### What needs to be done
Write out all records as given; omit images.

### Information shown
"""
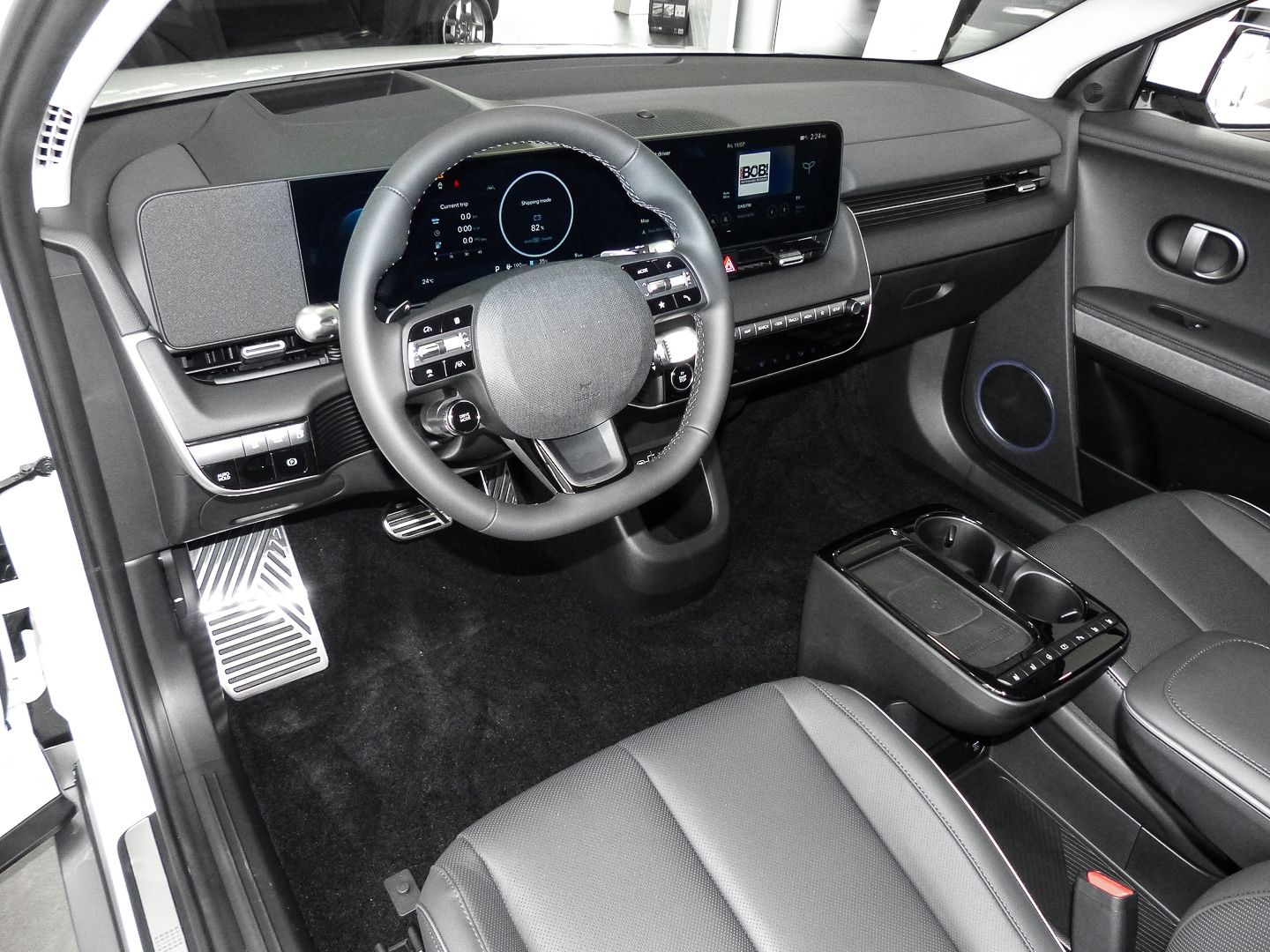 Hyundai IONIQ 5 – Bild 5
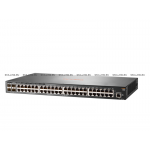 Aruba 2930F 48G 4SFP Switch (JL260A)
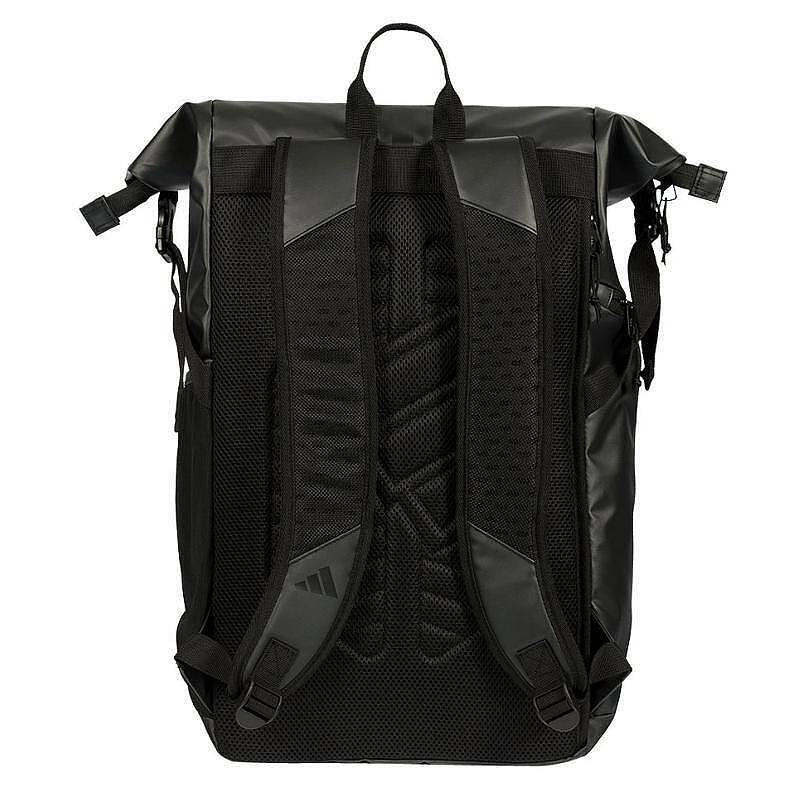Adidas Multigame - rucsac de padel potrivit pentru meci și antrenament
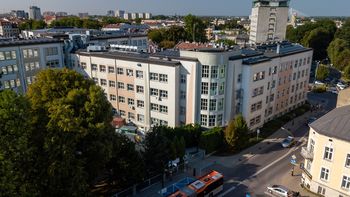 Rzeszów: USK walczy o środki na szpital w Świlczy. Jest wniosek do MZ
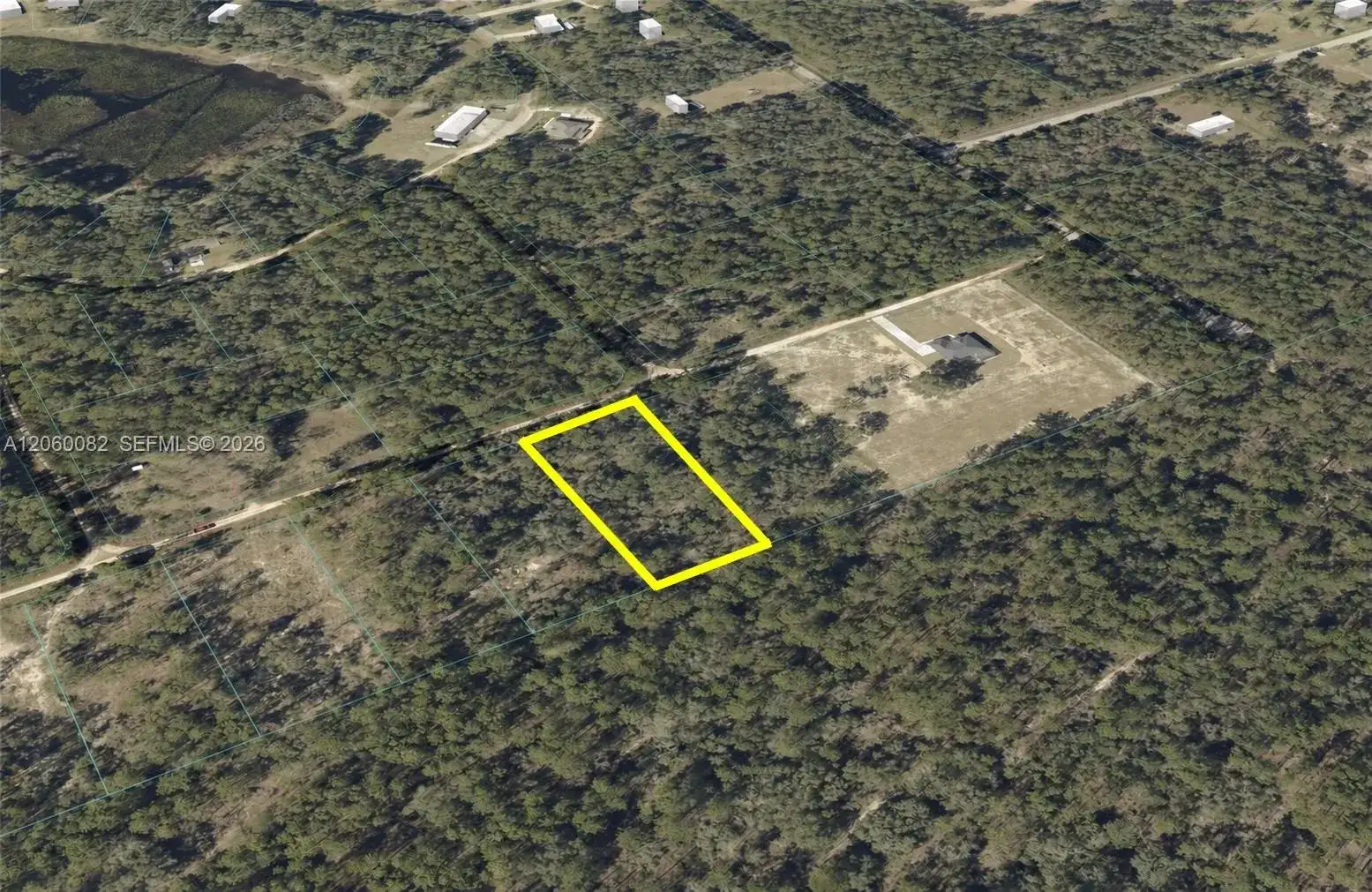 00 SW 17th Terr, Other City - In The State Of Florida FL 34432 photo 2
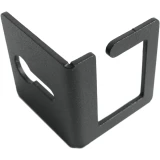 Держатель для кабелей GEEK NOOK Cable Manager Mini Black (202404213)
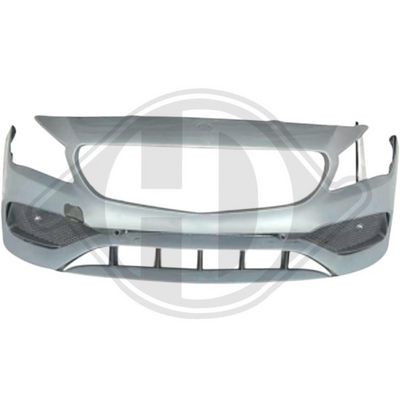 Bumper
"""
### Written response
 Hyundai IONIQ 5 – Bild 5
 Aruba 2930F 48G 4SFP Switch (JL260A)
Adidas Multigame - rucsac de padel potrivit pentru meci și antrenament
 Rzeszów: USK walczy o środki na szpital w Świlczy. Jest wniosek do MZ
 00 SW 17th Terr, Other City - In The State Of Florida FL 34432 photo 2
 Держатель для кабелей GEEK NOOK Cable Manager Mini Black (202404213)
 Bumper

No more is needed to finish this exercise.